Hello everyone, I am trying to run the hyper-tutorial example Hyperelasticity — FEniCSx tutorial in cases of 2D and 3D with modification only in the neo-Hookean energy model. I tried to run for case of no external load condition and tested. In 3D it works perfectly fine and produces no displacement but in 2D with the same setup it produces strange displacement values.
The code with both cases of 2D and commented 3D is shown below,

from dolfinx import log, default_scalar_type
from dolfinx.fem.petsc import NonlinearProblem
from dolfinx.nls.petsc import NewtonSolver
import numpy as np
import ufl

from mpi4py import MPI
from dolfinx import fem, mesh, plot
L = 20
                                #############For 3D case#######################
# domain = mesh.create_box(MPI.COMM_WORLD, [[0.0, 0.0, 0.0], [L, 1, 1]], [1, 1, 1], mesh.CellType.hexahedron)
# B = fem.Constant(domain, default_scalar_type((0, 0,0)))
# T = fem.Constant(domain, default_scalar_type((0, 0,0)))

                                #############For 2D case#######################
domain = mesh.create_rectangle (comm=MPI.COMM_WORLD, points=((0.0, 0.0), (20.0,1.0)), n=(1,1), cell_type=mesh.CellType.quadrilateral)
B = fem.Constant(domain, default_scalar_type((0, 0)))
T = fem.Constant(domain, default_scalar_type((0, 0)))

element = ufl.VectorElement("Lagrange", domain.ufl_cell(),1)
V=fem.FunctionSpace(domain, element)
def left(x):
    return np.isclose(x[0], 0)

fdim = domain.topology.dim - 1
left_facets = mesh.locate_entities_boundary(domain, fdim, left)
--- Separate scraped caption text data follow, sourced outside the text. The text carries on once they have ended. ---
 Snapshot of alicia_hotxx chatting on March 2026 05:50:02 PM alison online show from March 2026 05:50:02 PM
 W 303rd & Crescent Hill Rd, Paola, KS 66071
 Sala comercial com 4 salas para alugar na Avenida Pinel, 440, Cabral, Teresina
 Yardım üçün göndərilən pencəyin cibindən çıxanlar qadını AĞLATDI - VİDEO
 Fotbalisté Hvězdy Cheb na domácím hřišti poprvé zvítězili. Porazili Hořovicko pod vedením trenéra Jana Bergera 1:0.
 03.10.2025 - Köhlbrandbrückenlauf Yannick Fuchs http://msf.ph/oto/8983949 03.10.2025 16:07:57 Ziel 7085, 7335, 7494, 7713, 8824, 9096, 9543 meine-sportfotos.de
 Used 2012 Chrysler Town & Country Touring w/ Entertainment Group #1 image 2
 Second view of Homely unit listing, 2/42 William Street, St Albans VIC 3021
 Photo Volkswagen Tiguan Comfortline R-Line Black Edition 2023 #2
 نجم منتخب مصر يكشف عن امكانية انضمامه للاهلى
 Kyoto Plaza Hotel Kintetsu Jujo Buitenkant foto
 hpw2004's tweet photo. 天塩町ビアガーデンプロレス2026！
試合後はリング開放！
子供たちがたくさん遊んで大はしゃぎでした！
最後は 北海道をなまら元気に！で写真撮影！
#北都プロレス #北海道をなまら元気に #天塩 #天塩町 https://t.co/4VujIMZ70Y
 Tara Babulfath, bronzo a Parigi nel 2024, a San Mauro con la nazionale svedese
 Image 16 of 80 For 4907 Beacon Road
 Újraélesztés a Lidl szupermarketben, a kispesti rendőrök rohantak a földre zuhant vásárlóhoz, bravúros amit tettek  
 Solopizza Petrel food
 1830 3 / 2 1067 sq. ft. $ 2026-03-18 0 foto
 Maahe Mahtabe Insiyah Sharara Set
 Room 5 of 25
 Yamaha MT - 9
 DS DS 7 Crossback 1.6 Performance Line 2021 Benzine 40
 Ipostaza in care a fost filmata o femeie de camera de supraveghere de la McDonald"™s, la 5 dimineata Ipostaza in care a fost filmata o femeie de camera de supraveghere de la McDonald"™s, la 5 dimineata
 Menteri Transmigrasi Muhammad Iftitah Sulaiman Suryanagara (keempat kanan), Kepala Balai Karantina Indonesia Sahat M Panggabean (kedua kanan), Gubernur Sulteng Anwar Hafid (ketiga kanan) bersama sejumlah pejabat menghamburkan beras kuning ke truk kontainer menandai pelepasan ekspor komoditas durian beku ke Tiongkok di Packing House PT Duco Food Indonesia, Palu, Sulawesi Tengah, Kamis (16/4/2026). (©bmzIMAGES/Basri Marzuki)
# Concatenate and sort the arrays based on facet indices. Left facets marked with 1, right facets with two
marked_facets = np.hstack([left_facets])
marked_values = np.hstack([np.full_like(left_facets, 1)])
sorted_facets = np.argsort(marked_facets)
facet_tag = mesh.meshtags(domain, fdim, marked_facets[sorted_facets], marked_values[sorted_facets])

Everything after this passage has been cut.